Classification in Networked Data:
A toolkit and a univariate case study
[postscript]
[pdf]
CeDER Working Paper CeDER-04-08, Stern
School of Business, New York
University, NY, NY 10012. Journal paper accepted to Journal of
Machine Learning Research. (Updated December 2006)
Abstract
This paper is about classifying entities that are interlinked with
entities for which the class is known. After surveying prior work, we
present NetKit, a modular toolkit for classification in networked
data, and a case-study of its application to networked data used in
prior machine learning research. NetKit is based on a node-centric
framework in which classifiers comprise a local classifier, a
relational classifier, and a collective inference procedure. Various
existing node-centric relational learning algorithms can be
instantiated with appropriate choices for these components, and new
combinations of components realize new algorithms. The case study
focuses on univariate network classification, for which the only
information used is the structure of class linkage in the network
(i.e., only links and some class labels). To our knowledge, no work
previously has evaluated systematically the power of class-linkage
alone for classification in machine learning benchmark data sets. The
results demonstrate that very simple network-classification models
perform quite well---well enough that they should be used regularly as
baseline classifiers for studies of learning with networked data.

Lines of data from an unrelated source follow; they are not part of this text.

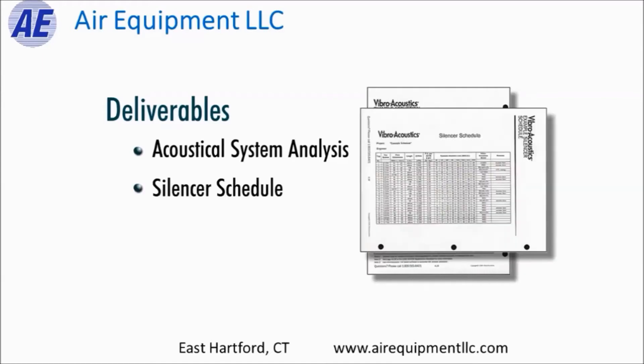Number two, what they give you is a silencer schedule. They determine what sound attenuators are needed to dissipate enough noise to achieve the required NC level, and they create a schedule you can import right into your drawings. Included on the schedule are not only the pressure drop of the silencer as tested in a sound lab, but also the system effect pressure drop — the total pressure drop in the real world, which takes into account turbulence and other issues in the ductwork.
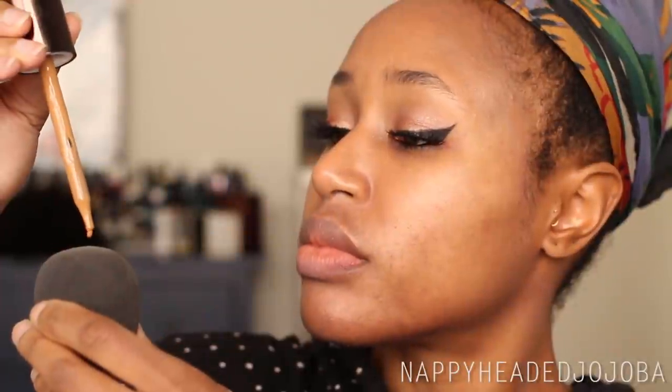Pardon me for looking crazy with eye makeup on and nothing else, but that is generally how I start my makeup — with the eyes because of fallout. I just took a little bit of the foundation and put it directly on the Beauty Blender, which I've usually been against because I feel like you don't have as much control over how much foundation you're putting on your face. I usually used to put foundation on my hand, but I'm kind of sick of that creating stains because I'll forget it's there and it gets on clothing or furniture. Lately I've been doing it this way and it's actually been not too bad.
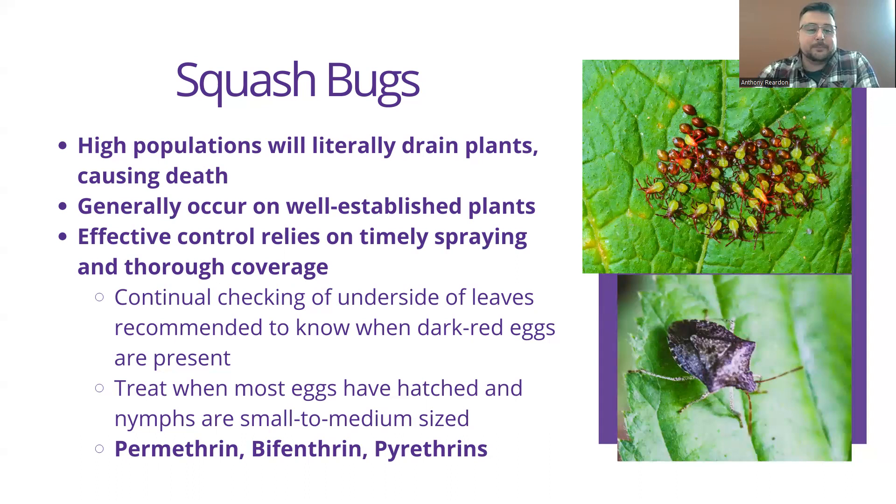When it comes to harvesting pumpkins, watch the stems — when they fully dry out and lose their succulence and there's no more softness, the pumpkin is ready to harvest. You can also do a fingernail test on the rind in an inconspicuous spot; if you can still puncture the rind with your fingernail, it's not quite done yet. Use a sharp pair of pruners to sever from the vine. These can stay outside in most frost conditions, but if it's going to be a hard freeze in the low to mid-20s, you want to harvest them or bring them inside to avoid cellular damage.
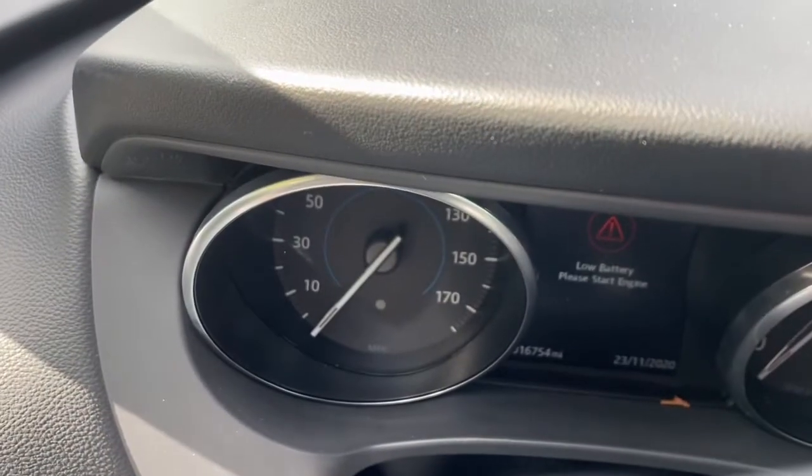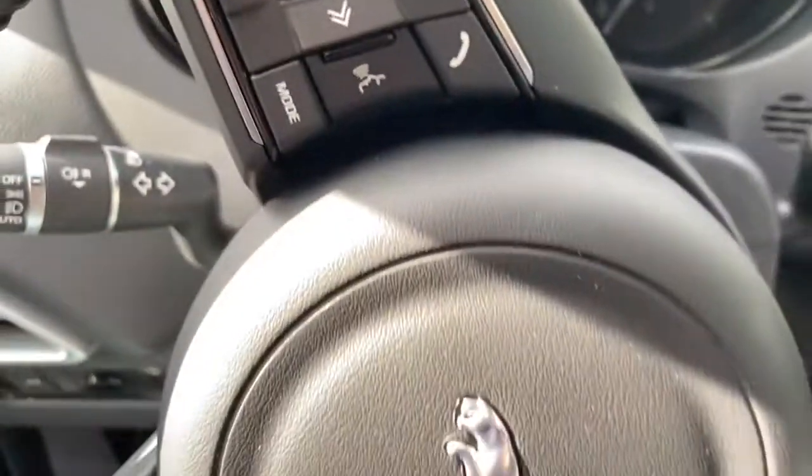And then exactly 16,754 miles on the car.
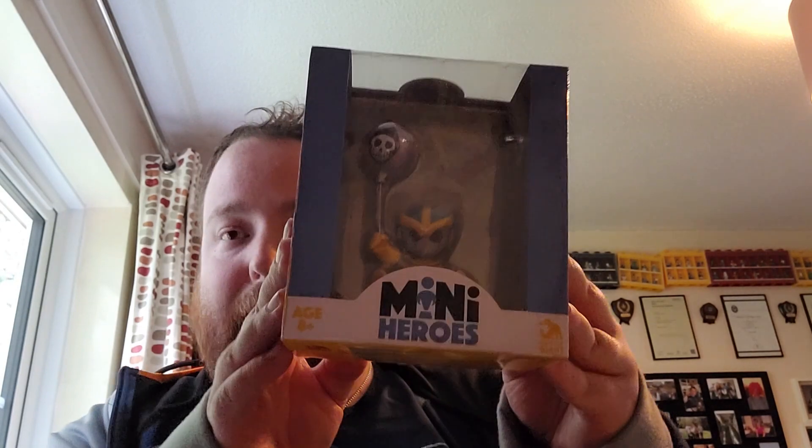Second figure — also from Marvel, and it's part of the same series — Thanos! The man who wiped out half the universe in Avengers Endgame. That was quite the experience. An experience we probably won't get again, but maybe.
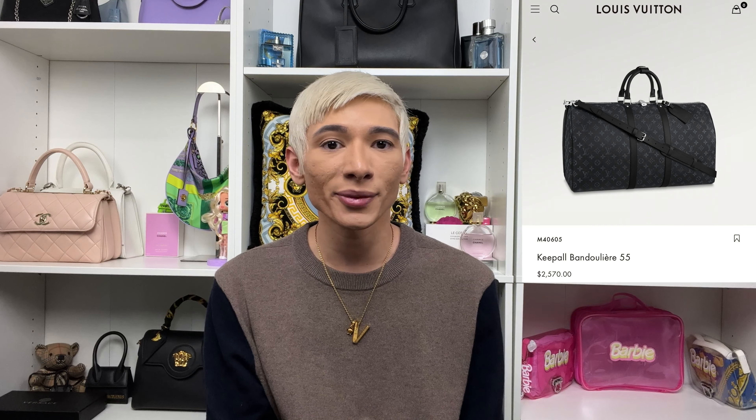Hello everyone, welcome back to my channel. My name is Adam. If you love luxury fashion, you're definitely going to love my channel, so make sure you like and subscribe. Check out my Instagram below for all the latest updates. In today's video I'm so excited because this is my very first Louis Vuitton shopping vlog, and I also purchase my very first Louis Vuitton bag — a dream bag I've always wanted, and I even get it personalized.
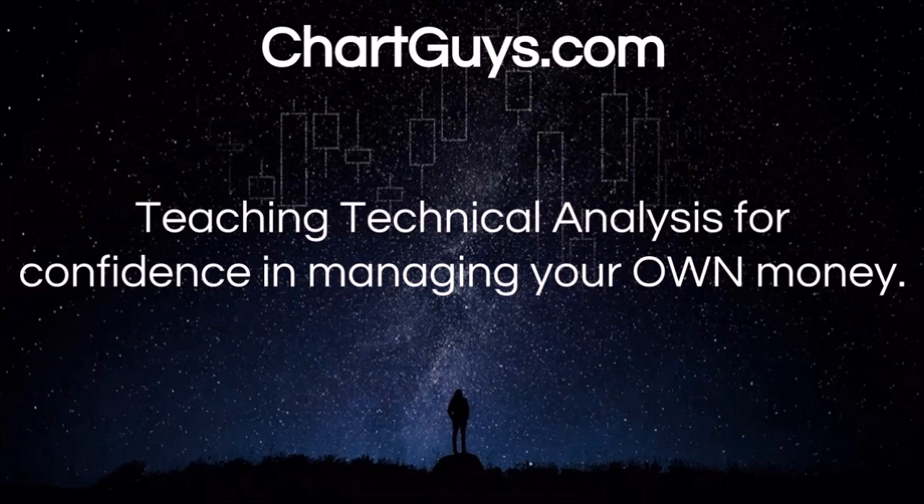Hello, this is Charting Man Dan of The Chart Guys, where we teach the little guy and girl how to utilize charts to manage their own trades and investments.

The
simplest method (which performs remarkably well) highlights the close
correspondence between several existing methods introduced for
different purposes---i.e., Gaussian-field classifiers, Hopfield
networks, and relational-neighbor classifiers. The case study also
shows that there are two sets of techniques that are preferable in
different situations, namely when few versus many labels are known
initially. We also demonstrate that link selection plays an important
role similar to traditional feature selection.